┌────────

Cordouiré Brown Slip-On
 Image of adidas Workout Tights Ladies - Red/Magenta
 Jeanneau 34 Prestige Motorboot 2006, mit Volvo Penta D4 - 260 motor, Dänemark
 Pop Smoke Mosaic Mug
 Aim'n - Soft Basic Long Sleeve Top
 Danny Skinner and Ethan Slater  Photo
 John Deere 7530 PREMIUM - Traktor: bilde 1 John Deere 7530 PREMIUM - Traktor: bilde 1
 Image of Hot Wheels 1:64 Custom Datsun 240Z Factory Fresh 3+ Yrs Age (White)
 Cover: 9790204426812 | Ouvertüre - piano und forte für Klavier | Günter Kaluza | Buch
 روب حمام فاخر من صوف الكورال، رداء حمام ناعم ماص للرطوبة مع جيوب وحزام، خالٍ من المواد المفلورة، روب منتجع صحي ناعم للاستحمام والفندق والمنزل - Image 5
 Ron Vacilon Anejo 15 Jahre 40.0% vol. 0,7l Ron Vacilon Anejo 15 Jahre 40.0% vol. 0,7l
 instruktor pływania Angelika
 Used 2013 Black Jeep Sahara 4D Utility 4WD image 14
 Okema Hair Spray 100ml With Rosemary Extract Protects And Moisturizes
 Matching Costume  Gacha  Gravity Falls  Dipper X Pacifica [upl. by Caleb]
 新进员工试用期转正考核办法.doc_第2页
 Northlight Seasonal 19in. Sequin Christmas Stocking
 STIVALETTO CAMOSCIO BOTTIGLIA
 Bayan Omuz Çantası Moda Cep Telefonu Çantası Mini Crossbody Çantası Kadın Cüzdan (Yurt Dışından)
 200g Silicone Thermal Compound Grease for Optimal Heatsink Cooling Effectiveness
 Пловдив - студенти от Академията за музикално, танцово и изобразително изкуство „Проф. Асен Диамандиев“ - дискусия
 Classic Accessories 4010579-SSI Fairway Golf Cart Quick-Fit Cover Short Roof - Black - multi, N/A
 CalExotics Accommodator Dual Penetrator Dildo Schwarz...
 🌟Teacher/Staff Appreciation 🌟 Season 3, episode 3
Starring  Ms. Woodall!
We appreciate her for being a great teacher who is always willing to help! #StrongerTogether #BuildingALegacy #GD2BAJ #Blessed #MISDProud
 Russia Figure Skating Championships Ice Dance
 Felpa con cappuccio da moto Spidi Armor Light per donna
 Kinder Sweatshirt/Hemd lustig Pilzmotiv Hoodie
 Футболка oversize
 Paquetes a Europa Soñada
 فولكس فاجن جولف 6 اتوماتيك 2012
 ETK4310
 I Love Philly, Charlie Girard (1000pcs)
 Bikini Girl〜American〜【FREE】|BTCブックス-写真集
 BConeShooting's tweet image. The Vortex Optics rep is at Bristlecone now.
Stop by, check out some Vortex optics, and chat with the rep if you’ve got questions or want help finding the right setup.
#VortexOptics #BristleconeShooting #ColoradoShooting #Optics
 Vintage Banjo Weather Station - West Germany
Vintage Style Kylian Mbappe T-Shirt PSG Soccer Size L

└────────

Exactly as shown above, return every record.

Cordouiré Brown Slip-On
 Image of adidas Workout Tights Ladies - Red/Magenta
 Jeanneau 34 Prestige Motorboot 2006, mit Volvo Penta D4 - 260 motor, Dänemark
 Pop Smoke Mosaic Mug
 Aim'n - Soft Basic Long Sleeve Top
 Danny Skinner and Ethan Slater  Photo
 John Deere 7530 PREMIUM - Traktor: bilde 1 John Deere 7530 PREMIUM - Traktor: bilde 1
 Image of Hot Wheels 1:64 Custom Datsun 240Z Factory Fresh 3+ Yrs Age (White)
 Cover: 9790204426812 | Ouvertüre - piano und forte für Klavier | Günter Kaluza | Buch
 روب حمام فاخر من صوف الكورال، رداء حمام ناعم ماص للرطوبة مع جيوب وحزام، خالٍ من المواد المفلورة، روب منتجع صحي ناعم للاستحمام والفندق والمنزل - Image 5
 Ron Vacilon Anejo 15 Jahre 40.0% vol. 0,7l Ron Vacilon Anejo 15 Jahre 40.0% vol. 0,7l
 instruktor pływania Angelika
 Used 2013 Black Jeep Sahara 4D Utility 4WD image 14
 Okema Hair Spray 100ml With Rosemary Extract Protects And Moisturizes
 Matching Costume  Gacha  Gravity Falls  Dipper X Pacifica [upl. by Caleb]
 新进员工试用期转正考核办法.doc_第2页
 Northlight Seasonal 19in. Sequin Christmas Stocking
 STIVALETTO CAMOSCIO BOTTIGLIA
 Bayan Omuz Çantası Moda Cep Telefonu Çantası Mini Crossbody Çantası Kadın Cüzdan (Yurt Dışından)
 200g Silicone Thermal Compound Grease for Optimal Heatsink Cooling Effectiveness
 Пловдив - студенти от Академията за музикално, танцово и изобразително изкуство „Проф. Асен Диамандиев“ - дискусия
 Classic Accessories 4010579-SSI Fairway Golf Cart Quick-Fit Cover Short Roof - Black - multi, N/A
 CalExotics Accommodator Dual Penetrator Dildo Schwarz...
 🌟Teacher/Staff Appreciation 🌟 Season 3, episode 3
Starring  Ms. Woodall!
We appreciate her for being a great teacher who is always willing to help! #StrongerTogether #BuildingALegacy #GD2BAJ #Blessed #MISDProud
 Russia Figure Skating Championships Ice Dance
 Felpa con cappuccio da moto Spidi Armor Light per donna
 Kinder Sweatshirt/Hemd lustig Pilzmotiv Hoodie
 Футболка oversize
 Paquetes a Europa Soñada
 فولكس فاجن جولف 6 اتوماتيك 2012
 ETK4310
 I Love Philly, Charlie Girard (1000pcs)
 Bikini Girl〜American〜【FREE】|BTCブックス-写真集
 BConeShooting's tweet image. The Vortex Optics rep is at Bristlecone now.
Stop by, check out some Vortex optics, and chat with the rep if you’ve got questions or want help finding the right setup.
#VortexOptics #BristleconeShooting #ColoradoShooting #Optics
 Vintage Banjo Weather Station - West Germany
Vintage Style Kylian Mbappe T-Shirt PSG Soccer Size L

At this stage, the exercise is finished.